Comment 16 Jesse Barnes 2010-05-10 11:46:39 UTC
Current 2D driver has some workarounds for vblank event handling & suspend/resume, can you test again with the latest bits?
Comment 17 fangxun 2010-05-13 03:59:19 UTC
Tested on G45 with current bits. It still fails.
Comment 18 Jesse Barnes 2010-06-01 09:54:31 UTC
The X 1.8 branch just got some fixes for issues like this, I'm retesting now with the latest bits to see if I can reproduce.
Comment 19 Jesse Barnes 2010-06-01 10:22:53 UTC
Works for me now on GM45 with current X server master (with the autoconf patch applied) & xf86-video-intel (with the patch from bug 28252 applied).
Comment 20 fangxun 2010-06-04 02:57:47 UTC
Tested on piketon and GM45, with compiz enabled, it still fails after resuming (S3 and S4) or switching VT back. If compiz disabled, it works when switching VT back, but fails after resuming (S3 and S4).
Comment 21 zhao jian 2010-06-07 03:31:48 UTC
Jesse, it seems not work on all platforms. We tested with the newest kernel on for-linus and code. And it works well on Piketon, but it still fails on GM45. And on G45 it can't be tested because with the newest kernel it will be black screen when it boot. As bug #27733 shows. So reopen it just for tracking it until it works well on G45, GM45.
Comment 22 Jesse Barnes 2010-06-07 10:28:39 UTC
Which versions were you running?  GM45 worked for me with compiz; I didn't see any failures.
Comment 23 zhao jian 2010-06-07 18:13:51 UTC
(In reply to comment #22)
> Which versions were you running?  GM45 worked for me with compiz; I didn't see
> any failures.

I tested with kernel in for-linus branch (e3a815fcd38043b8f1bb526123d8ab6ae01deb77). And other components as following: 
Libdrm:         (master)73a42a645201a85ce2fe4fc77754df67e5097fc9
Mesa:           (master)31a74a6df77daea9084c34b86f217f23a55e6b91
Xserver:                (master)5d4e2c594059ffb536c8e506c2623320d3c6a787
Xf86_video_intel:       (master)6db1e5231b7a0e79611f771d4efea686f7849e04
Comment 24 Jesse Barnes 2010-06-24 09:41:45 UTC
If you still see this can you capture some more information?  If you can VT switch after resume, you can probably ssh in as well and gdb the server or glxgears to see what they're waiting for.  If they're stuck in a "poll" or "select" call, please check the /proc/<pid>/wchan file to see what kernel mutex they're waiting on.
Comment 25 Jesse Barnes 2010-06-24 12:24:34 UTC
Ah I see this issue on my GM45 now with master of everything.  Checking it out...
Comment 26 Jesse Barnes 2010-06-24 14:36:26 UTC
Seems I can reproduce it with a simple VT switch too, so something is wrong with the way X consumes DRM events.

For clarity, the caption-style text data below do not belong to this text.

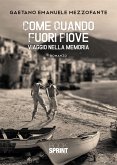 Come quando fuori piove (eBook, ePUB)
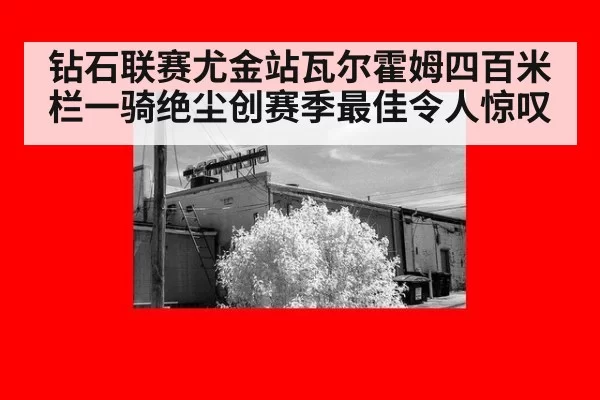钻石联赛尤金站瓦尔霍姆四百米栏一骑绝尘创赛季最佳令人惊叹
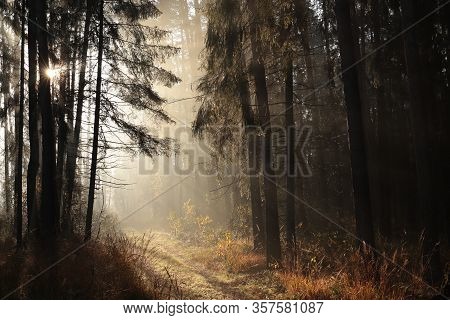 Autumn forest road path landscape Nature sunrise sun landscape Nature landscape Nature background autumn woods landscape trees Nature background Nature landscape mist fog Nature background landscape Nature light Nature landscape rays Nature background.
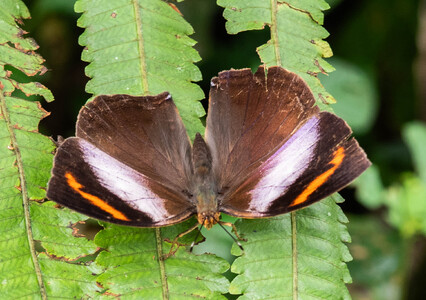The butterfly Kallimoides rumia kassaiensis photographed in Cameroon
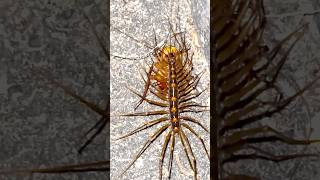 House Centipedes vs cockroach 🪳 🙀⚠️☠️ wildlife nature animal insects fighting centipedes [upl. by Ettesel64]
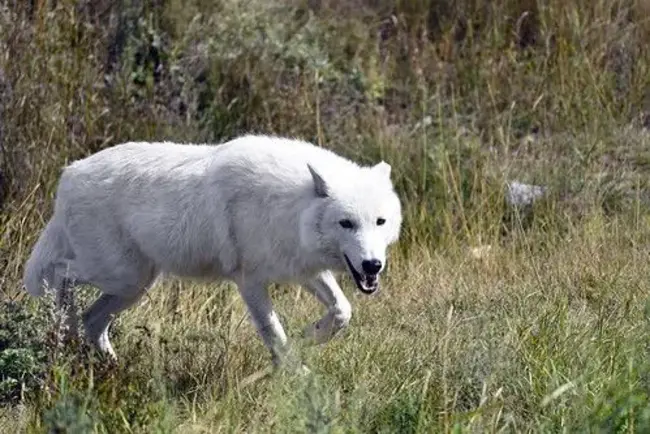 White Wolf : 白狼
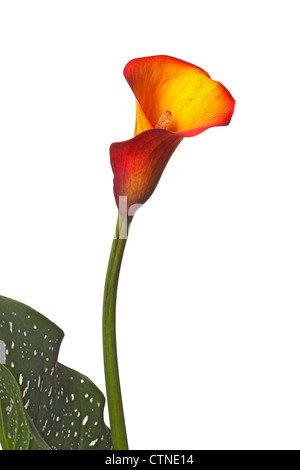 Single flower of an orange calla lily and partial leaf Stock Photo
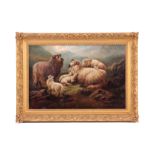 WILLIAM PERRING HOLLYER 1834-1922 OIL ON CANVAS. Sheep resting in the highlands, titled on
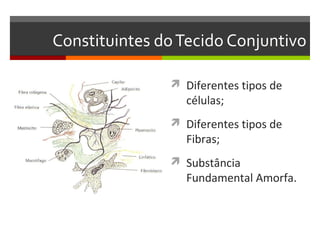Constituintes do Tecido Conjuntivo

                Diferentes tipos de
                 células;
                Diferentes tipos de
                 Fibras;
                Substância
                 Fundamental Amorfa.
 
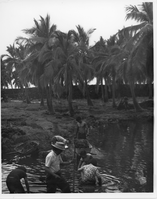 A black and white image of Ed Ladd, a Pacific Archeologist, with five Youth Conservation Corps members cleaning the royal pond at Puʻuhonua o Hōnaunau National Historical Park. Ladd and the five members are pictured towards the bottom left corner of the image. They are inside the pond with the water up to their knees. Ladd is at the front of the group looking behind him. He is wearing a hat, short sleeve shirt and pants. He is holding a walking stick in his left hand. One YCC member is to the right of him and three are to the left. Three of the members are squatting down picking up debris under the water. The fourth member is close to the edge of the pond holding a wheel barrel full of dirt. In the background there is a line of palm trees followed by a lava rock wall. There is a boy emptying a wheel barrel towards the center right side of the image.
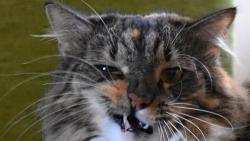 2/2 Se umej sám, drzoune.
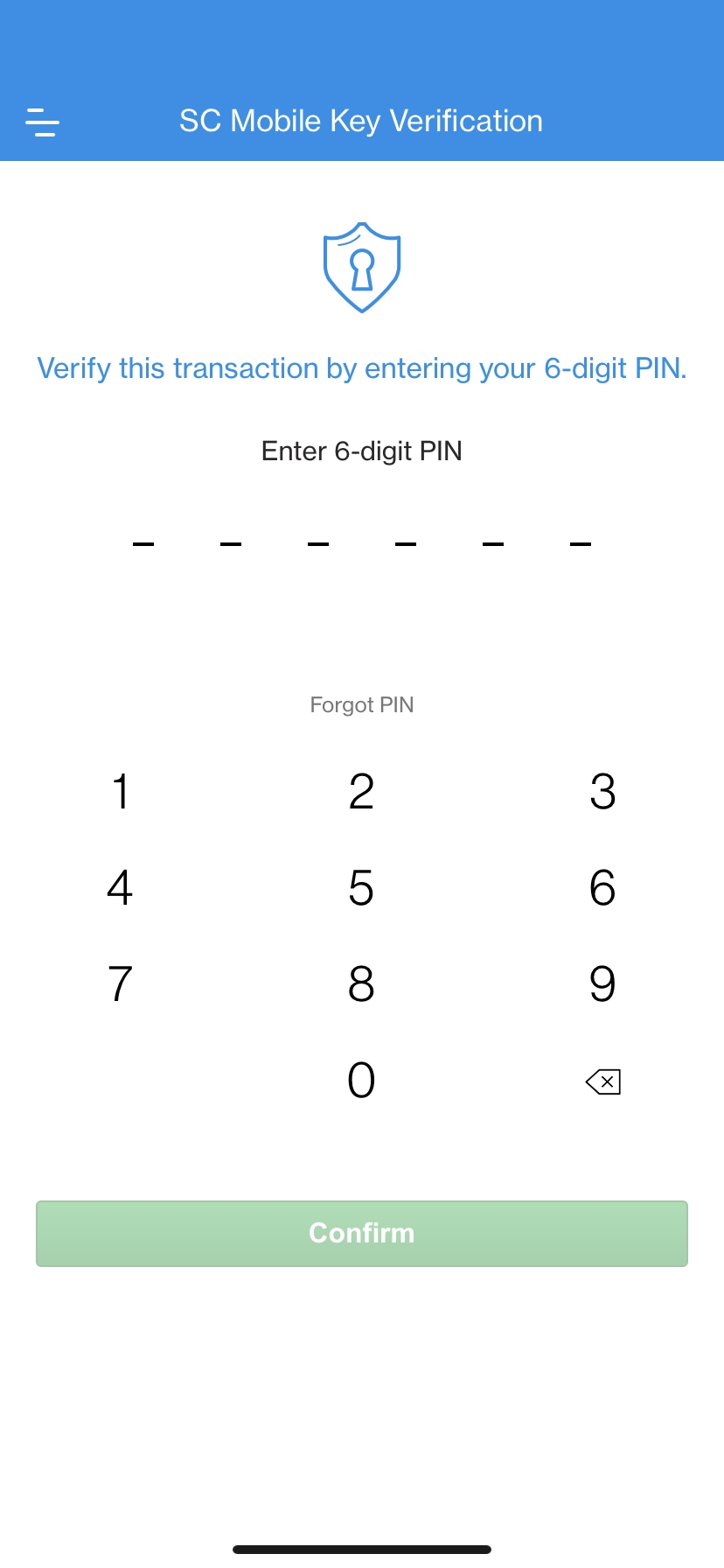 View Credit Card CVV and Expiry Date Step 4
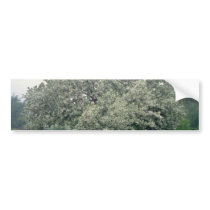 white Crab apple tree, Quebec, Canada flowers Bumper Sticker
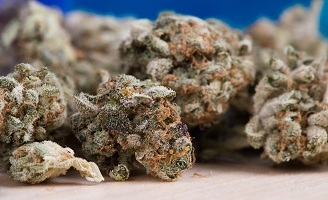 Amnesia Haze Alla Scoperta di una Leggenda della Cannabis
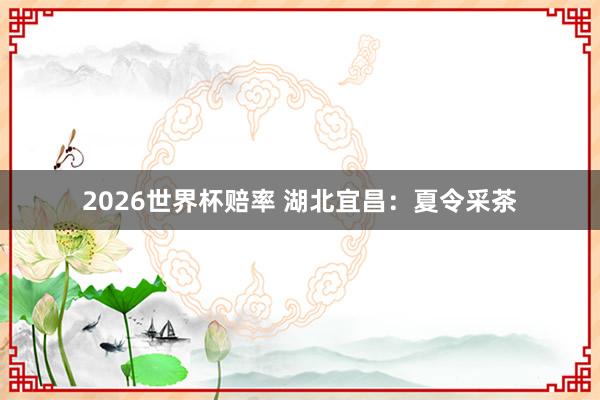 2026世界杯赔率 湖北宜昌：夏令采茶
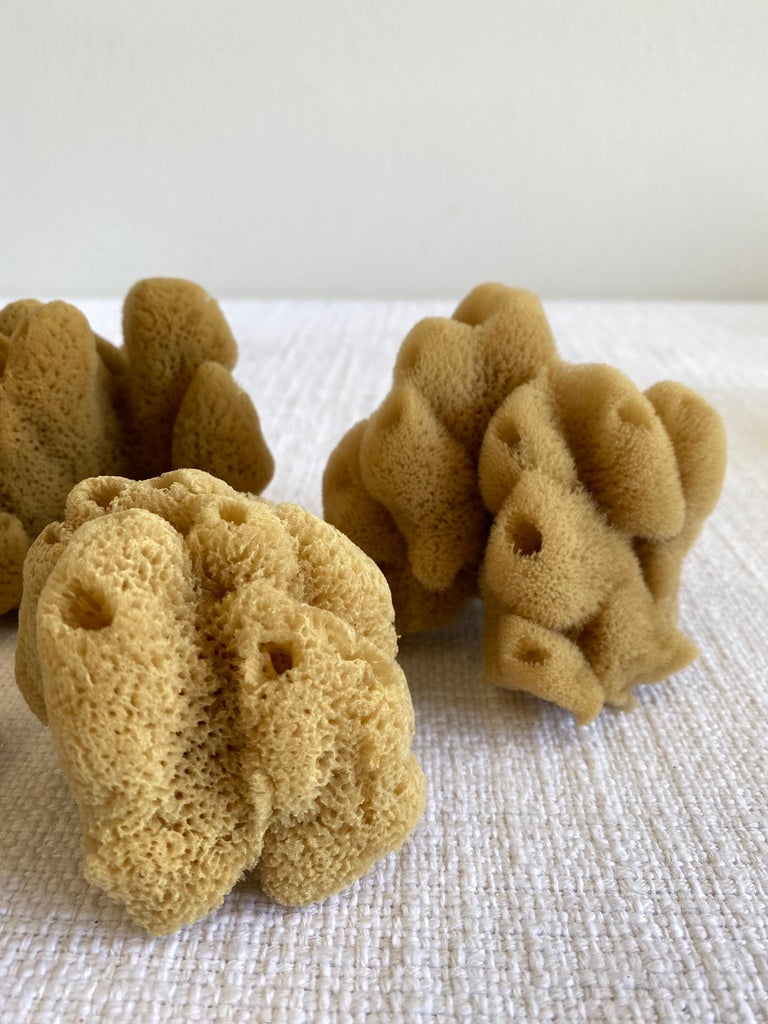 Set of 4 Assorted Natural Sea Sponges For Sale at 1stDibs natural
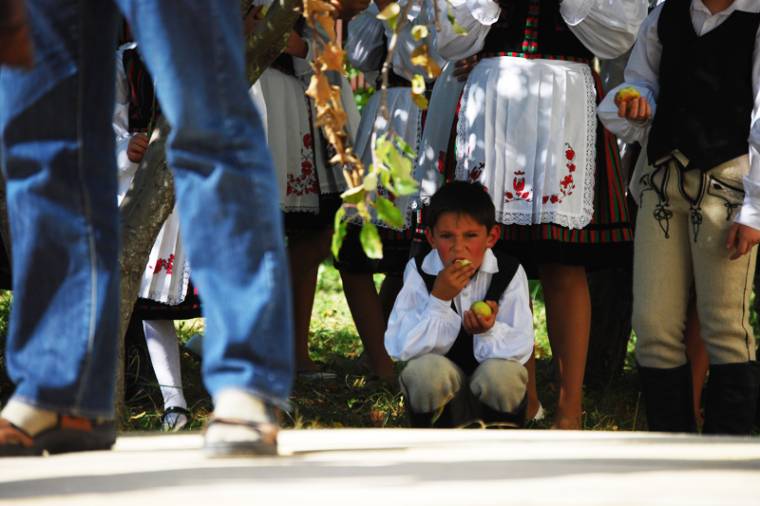 Felavatták a farkaslaki gyümölcsfeldolgozót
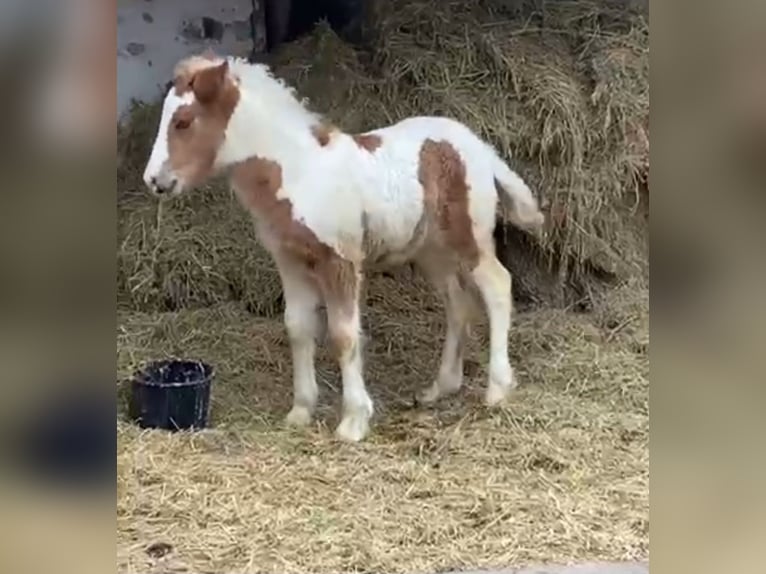 Altri pony/cavalli di piccola taglia Castrone 4 Anni 148 cm Pezzato in Rechnitz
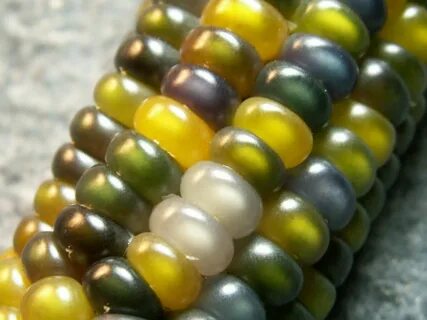 Glass corn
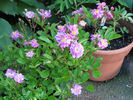 Heinrich Karsch rose photo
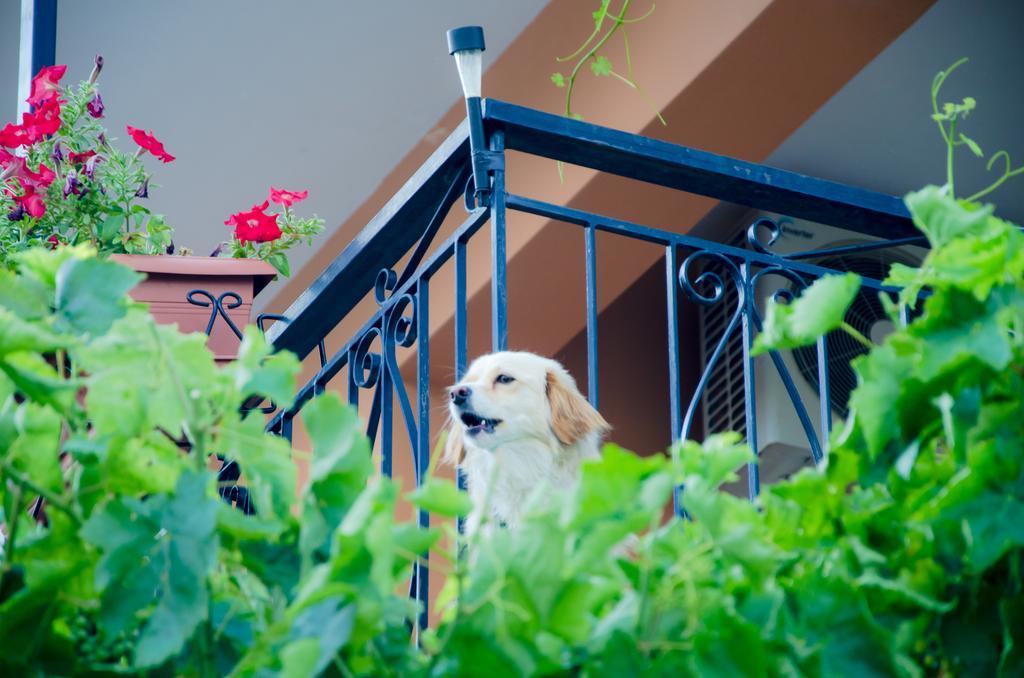 Nefeli Apartman Levídi Kültér fotó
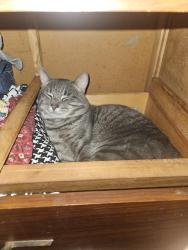 Lost Male Cat last seen Donnelly street. Nearest intersection is mill street, Windsor, ON N9C 1M3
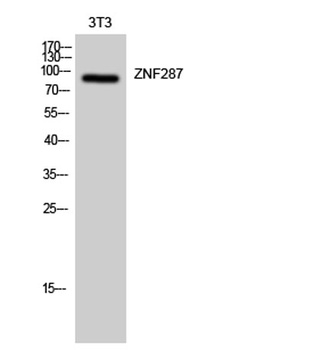 ZNF287 rabbit pAb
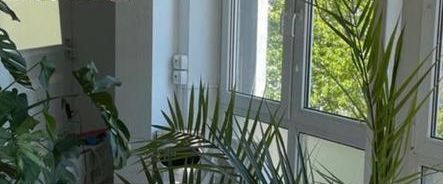 52 Quadratmeter zum Wohlfühlen - Foto 1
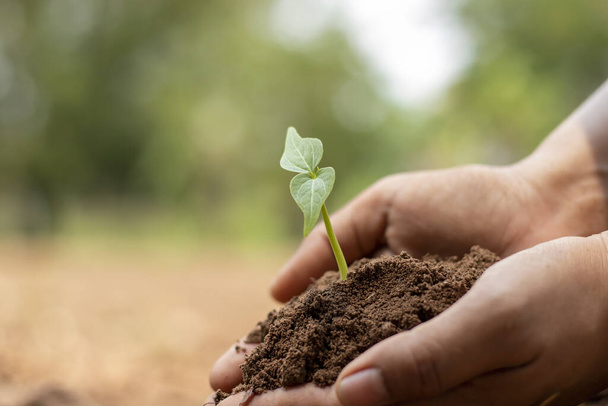 Close-up van een menselijke hand die een zaailing vasthoudt, inclusief het planten van de zaailingen, het concept van de Dag van de Aarde en de campagne ter vermindering van de opwarming van de aarde. - Foto, afbeelding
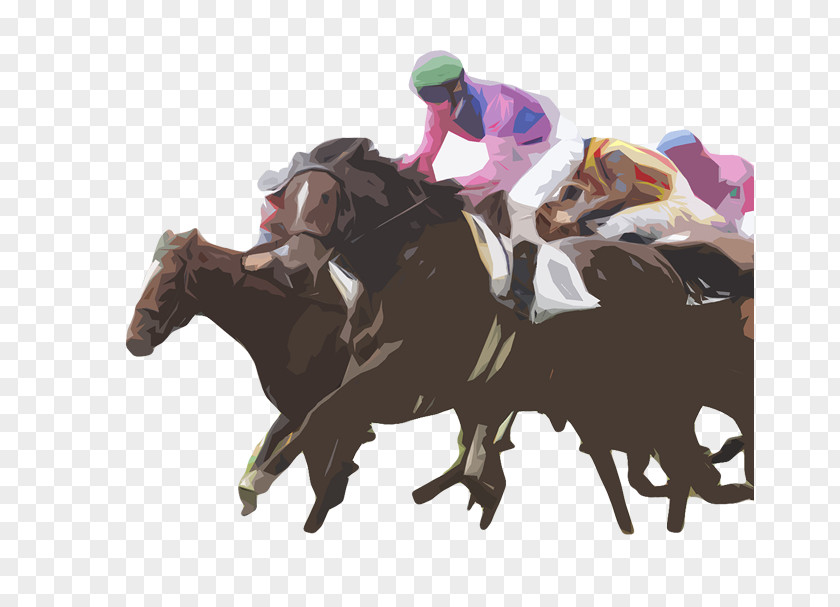 Horse Racing Professional Sports Athlete Football Player PNG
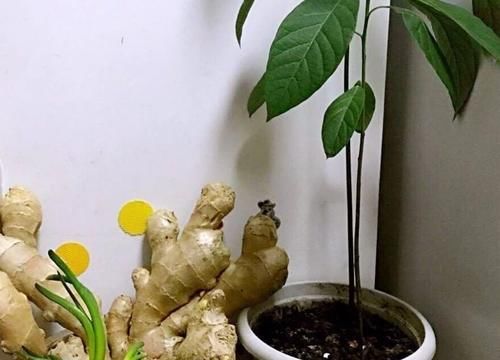 发芽的生姜不吃就盆栽,3个月下崽,秋收多到吃不完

Also ignore comment #24 I see you already collected backtraces.
Comment 27 Jesse Barnes 2010-06-24 15:37:14 UTC
Created attachment 36481 [details] [review]
don't sync redirected windows

I don't know why yet, but somehow running under compiz causes this problem.  If both clients and the compositor are using events, when you VT switch back the client hangs.

This patch worked around the problem for me, can you confirm?
Comment 28 fangxun 2010-06-25 01:56:52 UTC
Yes, I confirm this patch fixes.
Comment 29 Jesse Barnes 2010-06-28 17:03:43 UTC
Created attachment 36587 [details] [review]
another approach to avoiding client hangs at VT switch time

Here's a server patch that should also fix the problem, closer to the root cause this time.
Comment 30 Jesse Barnes 2010-06-28 17:04:14 UTC
Created attachment 36588 [details] [review]
keep DRI2 clients suspended at VT switch

This one isn't strictly necessary, but makes DRI2 behave like GLX across VT switch.
Comment 31 Jesse Barnes 2010-06-30 10:56:43 UTC
Bug fixed in X master:

commit 28e33ae6f69f716ece5d68e63fc52557236c5f6e
Author: Jesse Barnes <jbarnes@virtuousgeek.org>
Date:   Wed Jun 30 07:59:04 2010 -0700

    OS support: fix writeable client vs IgnoreClient behavior

I'll request that it go into the 1.8 branch as well.
Comment 32 fangxun 2010-07-19 04:21:51 UTC
Works fine with current code, so marking it as verified.